The selective reading of the Western denial literature and the contradictory arguments raised by some of the Iranian writers raise the question of their own genuine belief in their own arguments and statements. It is very likely that ordinary Iranians, who are not exposed to the Western academic literature on the Holocaust, do believe the propaganda they are served. Concurrently, the growing skepticism among many young Iranians towards the overall ideological message of the Islamic regime may also apply to the regime’s allegations on the Holocaust. While it is impossible to make any intelligent guess about the writers themselves, it should be remembered that internal contradictions abound in anti-Semitic literature in other parts of the world as well. It appears that the psychological or political need to vilify a certain party, the Jews in this case, frees the accusers from the constraints of logic and consistency.

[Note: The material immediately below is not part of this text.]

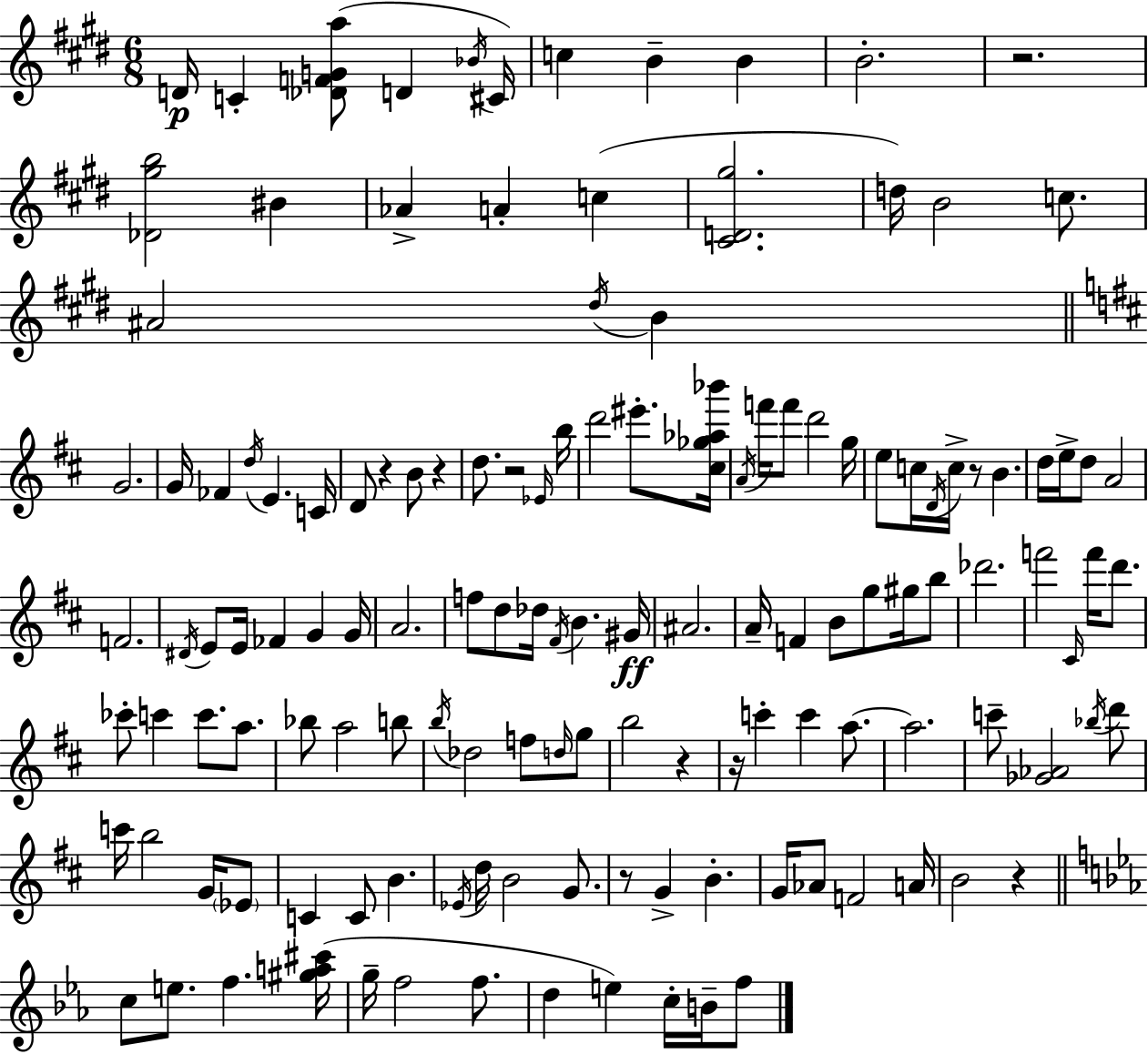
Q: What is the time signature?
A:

Iran’s Holocaust denial is a manifestation of anti-Semitism disguised as anti-Zionism. Using the pretext of Zionist fabrication of the Holocaust, Iran distorts and denies Jewish history and deprives the Jews of their human dignity by presenting their worst tragedy as a scam, even though this has nothing to do with Zionism per se. The very claim of Zionist invention of the Holocaust appeals to the tendency in both European and Middle Eastern anti-Semitism to charge the Jews with unscrupulous machinations in order to achieve illegitimate and immoral goals, mainly financial extortion. It aims at demolishing the legitimacy of the Jewish state, which they claim is based on the Holocaust myth. As such it is in tune with anti-Jewish and anti-Zionist sentiments in Europe, which argue that the Jews forfeited their status as victims by victimizing the Palestinians, and that Israel does not have the right to exist because the human price it requires is too high.

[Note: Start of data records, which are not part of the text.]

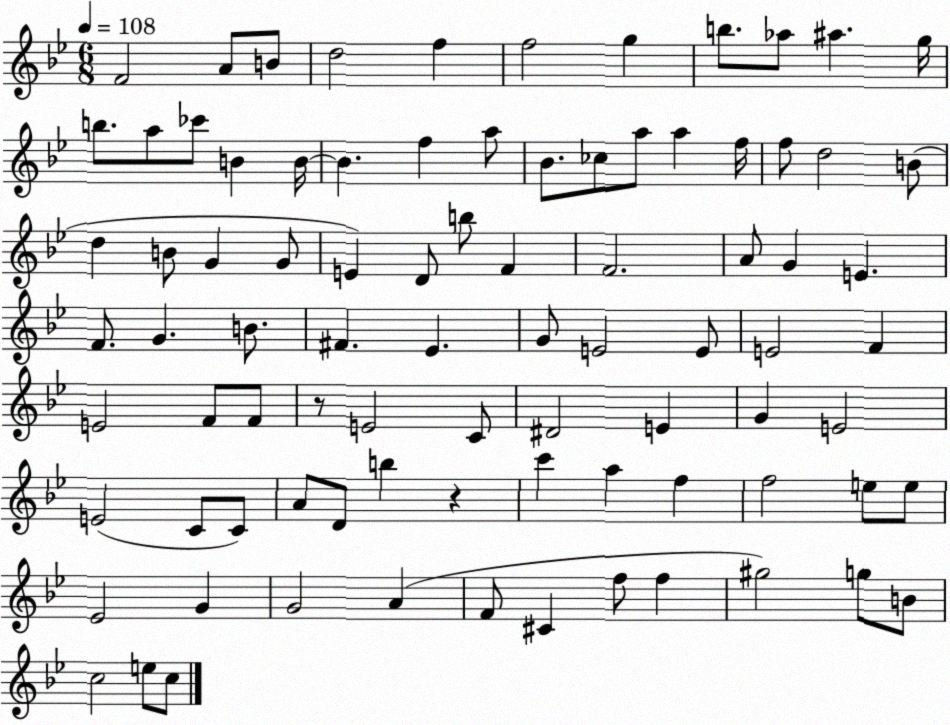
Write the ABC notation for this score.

X:1
T:Untitled
M:6/8
L:1/4
K:Bb
F2 A/2 B/2 d2 f f2 g b/2 _a/2 ^a g/4 b/2 a/2 _c'/2 B B/4 B f a/2 _B/2 _c/2 a/2 a f/4 f/2 d2 B/2 d B/2 G G/2 E D/2 b/2 F F2 A/2 G E F/2 G B/2 ^F _E G/2 E2 E/2 E2 F E2 F/2 F/2 z/2 E2 C/2 ^D2 E G E2 E2 C/2 C/2 A/2 D/2 b z c' a f f2 e/2 e/2 _E2 G G2 A F/2 ^C f/2 f ^g2 g/2 B/2 c2 e/2 c/2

In a similar vein, the vilification of the Zionists as Nazis is intended to offend the most painful feelings of the Jews by equating them with their worst tormentors. Moreover, not only does this accusation deprive the Jews of their dignity and transform victims into perpetrators, it threatens them with the ultimate fate of the Nazis. Concurrently, while Iran professes to be anti-Nazi, both Holocaust denial and the equation of Zionism with Nazism minimize the extent and depth of Nazi evil and brutality, thereby serving the cause of Western neo-Nazis and other anti-Semites.